Watching and Waiting: Rick Perry 2012
Hope everyone had a wonderful Fourth of July weekend. And now for an update on the latest media coverage of the fanfare and speculation surrounding Texas Governor Rick Perry’s possible run for the Republican Presidential nomination.
Support from the Christian Right
Since the 1980s, conservative Christian groups and leaders have been an influential force in Republican politics. Early into this Presidential primary cycle, the voice of the Christian Right has been pretty muted. However, they may be ready to speak soon, if Governor Perry obliges. According to Time Magazine, prominent conservative Christian leaders held a conference call in early June to discuss their dissatisfaction with current Republican Presidential candidates and express their support for Perry, if he were to enter the race. Perry generally has strong conservative Christian credentials and is planning a Christian all-day prayer event called The Response on August 6th in Houston, which will be co-sponsored by the American Family Association.
Fundraising: Super PACs and Broadening Donor Base
Governor Perry has been very successful at raising money in Texas: he was able to raise $40 million in the two years leading up to his gubernatorial re-election campaign in 2010, largely from a small base of wealthy donors who each contributed tens of thousands of dollars. But, Jason Embry of the Austin-American Statesman, wonders whether Perry will be able to be as successful under Federal fundraising rules that limit individual donations to $5,000 a person for each Presidential election cycle. Of course, Perry may not have to change his strategy all that much if his supporters create a super PAC, like supporters of Mitt Romney and President Obama have done. Super PACs are allowed to raise and contribute unlimited amounts of corporate and union money.
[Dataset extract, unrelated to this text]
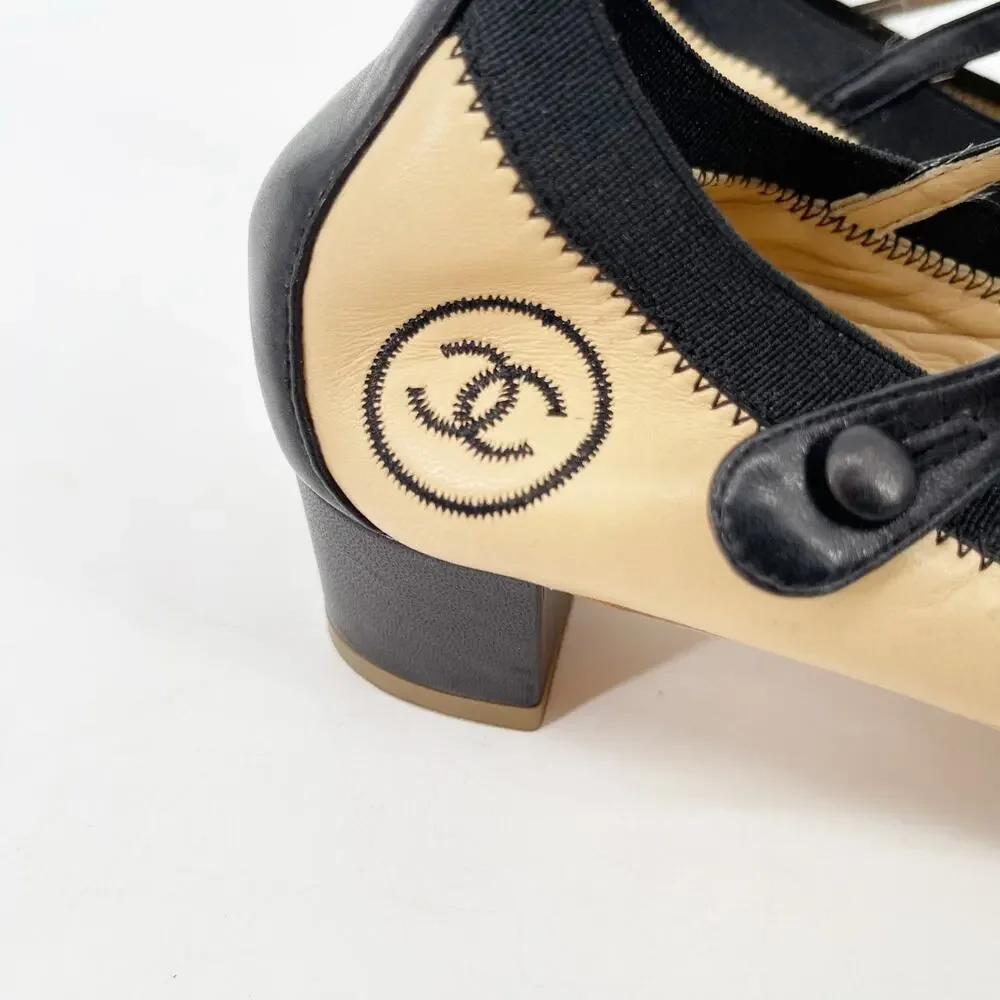 Chanel Retro y2k Beige & Black CC Cap Toe Leather Mary Jane Strap Heels EU 38.5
In an effort to broaden his donor base (who could contribute directly to his campaign or to any super PAC that may be formed by Perry supporters), Perry has been speaking to groups of wealthy individuals in California, New York, and Colorado. Perry spoke last Sunday, June 27th, in Vail Colorado at a private event hosted by Charles and David Koch, influential conservative donors who have helped finance many Tea Party candidates.
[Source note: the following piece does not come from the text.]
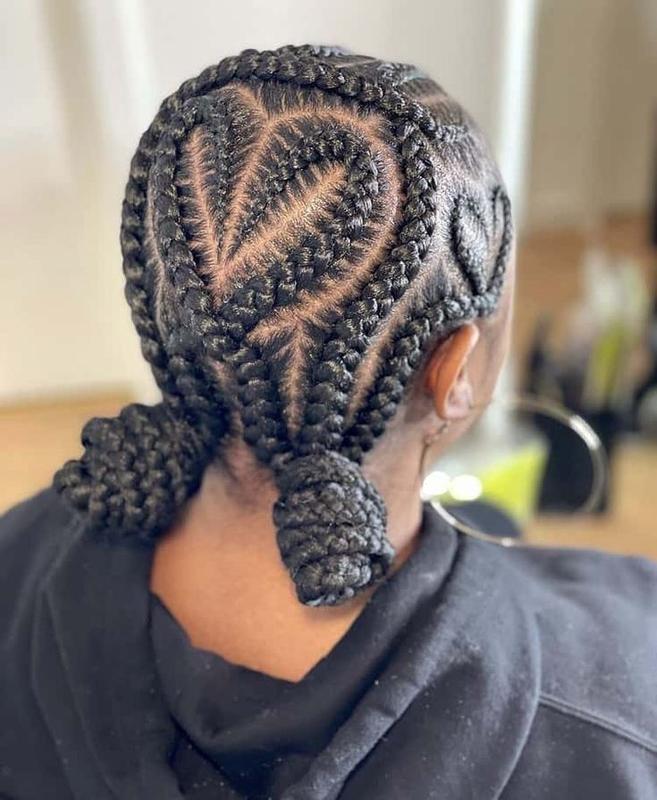 Heart-shaped cornrows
There is much excitement surrounding a potential Perry candidacy, perhaps because of a lack of excitement over the rest of the field. But, a Perry candidacy does not a nomination make.
Matt Latimer, former deputy director of speechwriting for President George W. Bush, blogs at The Daily Beast about the hurdles facing a possible Perry run for the Republican nomination. Drawing an analogy between Perry’s anticipated late entry andFred Thompson’smuch-hyped but ultimately disappointing late entry into the 2008 Republican field, Latimer offers a few points of caution: don’t underestimate your enemies, namely the Bush family; don’t underestimate Washington opinion makers; don’t let the media vilify your spouse or family; and go easy on the cowboy stuff.